Hi, everyone! Zack Handlen, your usual host, is deep undercover on a project called "Operation: Naptime", and he's graciously allowed me to step in and cover tonight's episode.
One of the interesting things about the Venture universe is that everyone's found a way to cope with being a part of it. No one seems especially satisfied with the way the world works, but rather than constantly dwelling on the absurdity of it all, people in every corner — spies, super-scientists, costumed heroes alike — just sort of shrug and get on with it. (Not entirely unlike real life.) It's one reason that the show has never let too many 'normal' voices into the mix: you don't want to have anyone slowing things down by asking the question "Why are you all doing this?".
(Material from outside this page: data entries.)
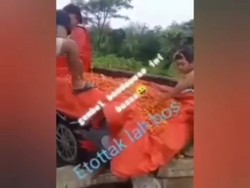 Viral Cabai Rawit Satu Pikap Dibuang ke Sungai Diduga di Bondowoso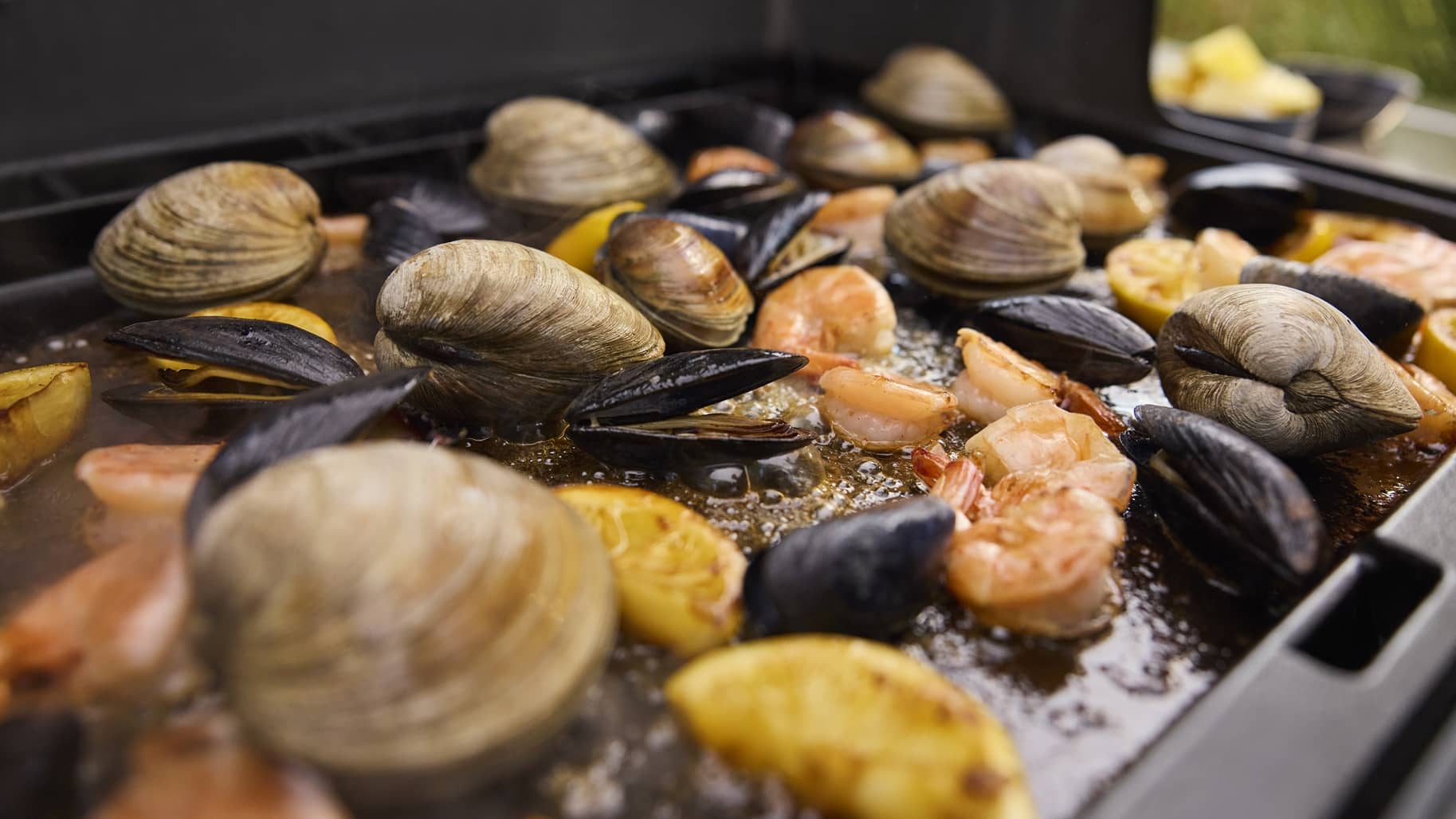 WEBER Genesis® E-330WR Gasgrill Stealth® Edition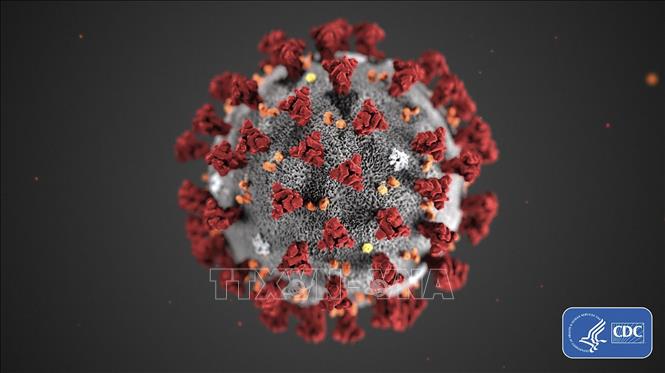 Hình ảnh do Trung tâm phòng ngừa và kiểm soát dịch bệnh Mỹ (CDC) cho thấy hình thái cấu tạo của virus corona chủng mới COVID-19 gây dịch viêm đường hô hấp cấp. Ảnh: AFP/TTXVN
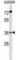 Family With Sequence Similarity 110 Member A antibody, abx031468, Abbexa, Western Blot image 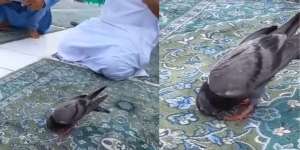 Viral Video Burung Merpati Sujud Bareng Jemaah Umrah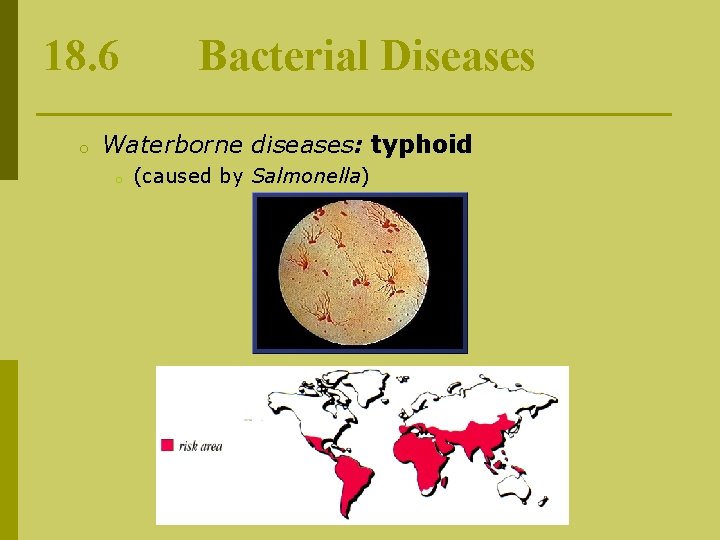 18. 6 o Bacterial Diseases Waterborne diseases: typhoid o (caused by Salmonella)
That's why it was so curious that, when it became clear in this episode (which, by the way, had extremely confusing pacing for what's usually one of the tightest-plotted shows on television; I'm not sure whether to blame the writing or the fact it probably had to be edited for time, but more than once, it seemed like there were bits missing from scenes) that someone pretending to be Zeus was kidnapping henchmen and forcing them into battles to the death on an abandoned farm, General Treister was so quick to dismiss the possibility it was the actual head of the Greek pantheon. In a world where every other imaginable sci-fi/fantasy archetype is real, and extremely dysfunctional, why wouldn't the gods be real and out of their goddamn minds?
But no, in an episode crammed with returning characters — many of whom are red herrings thrown out during an extended homage to Dr. Strangelove — the reveal of the identity of the main antagonist reaches all the way back to season 3, to "The Lepidopterists". It's another guy who just can't let go of the past and live a normal life, even though escaping death would seem to be a perfect way out of the juvenile failure spiral that is the Ventureverse. The Strangelove parody is not only well-executed (the OSI conference room is a dead ringer for the movie's war room, and Henchman Zero echoes one of its most famous lines when he urges Billy Quizboy and Pete White to "stop fighting and fight!"), but it's thematically appropriate as well. Just as Strangelove author Terry Southern was obsessed with the notion of powerful people in high places who were completely out of their minds, Jackson Publick and Doc Hammer keep returning to the theme of people with vast resources and abilities who nonetheless are emotionally stunted and spend most of their time in petty bitching.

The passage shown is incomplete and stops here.